Her organ, to which she gave more labour than she was quite equal to, was now one of her main delights. Often would its chords be heard creeping through the long ducts and passages of the castle: either for a small instrument its tone was peculiarly penetrating, or the chapel was the centre of the system of the house. On the roof would Donal often sit listening to the sounds that rose through the shaft--airs and harmonies freed by her worshipping fingers--rejoicing to think how her spirit was following the sounds, guided by them in lovely search after her native country.

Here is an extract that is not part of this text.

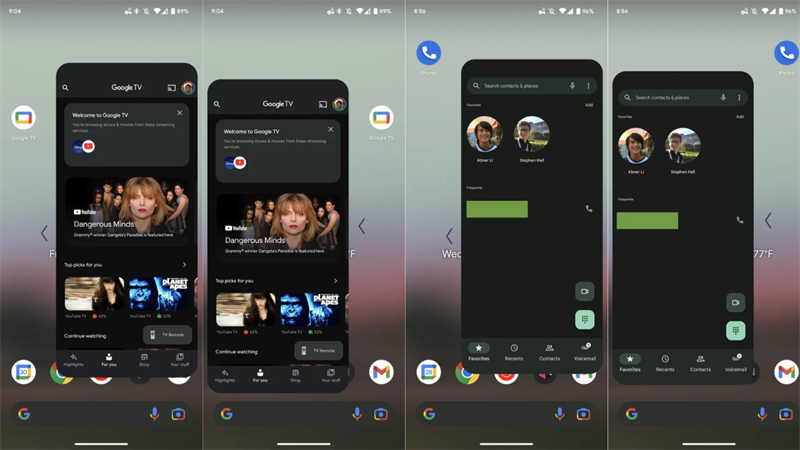Tính năng tiên đoán cử chỉ quay lại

One day she went on playing till she forgot everything but her music, and almost unconsciously began to sing "The Lord is mindful of his own." She was unaware that she had two listeners--one on the roof above, one in the chapel below.
When twelve months were come and gone since his departure, the earl one bright morning approached the door of the castle, half doubting, half believing it his own: he was determined on dismissing the factor after rigorous examination of his accounts; and he wanted to see Davie. He had driven to the stables, and thence walked out on the uppermost terrace, passing the chapel without observing its unmasked windows. The great door was standing open: he went in, and up the stair, haunted by sounds of music he had been hearing ever since he stepped on the terrace.
But on the stair was a door he had never seen! Who dared make changes in his house? The thing was bewildering! But he was accustomed to be bewildered.
He opened the door--plainly a new one--and entered a gloomy little passage, lighted from a small aperture unfit to be called a window.
The under side of the bare steps of a narrow stone stair were above his head. Had he or had he not ever seen the place before? On the right was a door. He went to it, opened it, and the hitherto muffled music burst loud on his ear. He started back in dismal apprehension:--there was the chapel, wide open to the eye of day!--clear and clean!--gone the hideous bed! gone the damp and the dust! while the fresh air trembled with the organ-breath rushing and rippling through it, and setting it in sweetest turmoil! He had never had such a peculiar experience! He had often doubted whether things were or were not projections from his own brain; he moved and acted in a world of subdued fact and enhanced fiction; he knew that sometimes he could not tell the one from the other; but never had he had the apparently real and the actually unreal brought so much face to face with each other! Everything was as clear to his eyes as in their prime of vision, and yet there could be no reality in what he saw!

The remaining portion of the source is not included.